Let’s use some of the code from there and modify it to do K-Means. We want 3 clusters. This is just a code example:

n_samples = 10

dataset = tfio.experimental.IODataset.from_prometheus(
    "go_memstats_sys_bytes", n_samples + n_steps - 1 + 1, endpoint="http://localhost:9090")

# take go_memstats_gc_sys_bytes from coredns job 
dataset = dataset.map(lambda _, v: v['coredns']['localhost:9153']['go_memstats_sys_bytes'])

# find the max value and scale the value to [0, 1]
v_max = dataset.reduce(tf.constant(0.0, tf.float64), tf.math.maximum)
dataset = dataset.map(lambda v: (v / v_max))

# expand the dimension by 1 to fit n_features=1
dataset = dataset.map(lambda v: tf.expand_dims(v, -1))

# take a sliding window
dataset = dataset.window(n_steps, shift=1, drop_remainder=True)
dataset = dataset.flat_map(lambda d: d.batch(n_steps))

# the first value is x and the next value is y, only take 10 samples
x = dataset.take(n_samples)
y = dataset.skip(1).take(n_samples)

dataset = tf.data.Dataset.zip((x, y))

# Define the K-means clustering model
kmeans = tf.compat.v1.estimator.experimental.KMeans(num_clusters=3)

# Train the K-means model
kmeans.train(dataset)

# Get the cluster assignments and cluster centers
cluster_assignments = list(kmeans.predict_cluster_index(input_fn))
cluster_centers = kmeans.cluster_centers()

# Print the cluster assignments
print("Cluster Assignments:")
for i, cluster in enumerate(cluster_assignments):
    print(f"Sample {i+1}: Cluster {cluster}")

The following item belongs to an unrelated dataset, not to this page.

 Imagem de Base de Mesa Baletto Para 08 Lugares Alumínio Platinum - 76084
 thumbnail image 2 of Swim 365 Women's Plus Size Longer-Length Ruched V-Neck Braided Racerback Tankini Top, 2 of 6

This can later be used to append back to promethues after the label structure has been modified using clustering. This brings us to the next paragraph.

Feature Engineering

Explore ways to derive new features from the high cardinality metric. These derived features can capture important aspects of the data without directly using the original high cardinality metric. Feature engineering techniques such as one-hot coding, frequency coding or target coding can be useful in transforming high cardinality metrics.

Dimensionality reduction techniques using common mathematical techniques

Dimensionality reduction techniques can be performed using common machine learning techniques. Use dimensionality reduction techniques such as Principal Component Analysis (PCA) or T-Distributed Stochastic Neighbour Embedding (t-SNE) to project the high-dimensional metric into a lower-dimensional space while preserving the most important patterns and relationships. This blog post has great examples of t-SNE.

That is all for this short post about "Practical solutions for dealing with high cardinality metrics". Thanks for reading!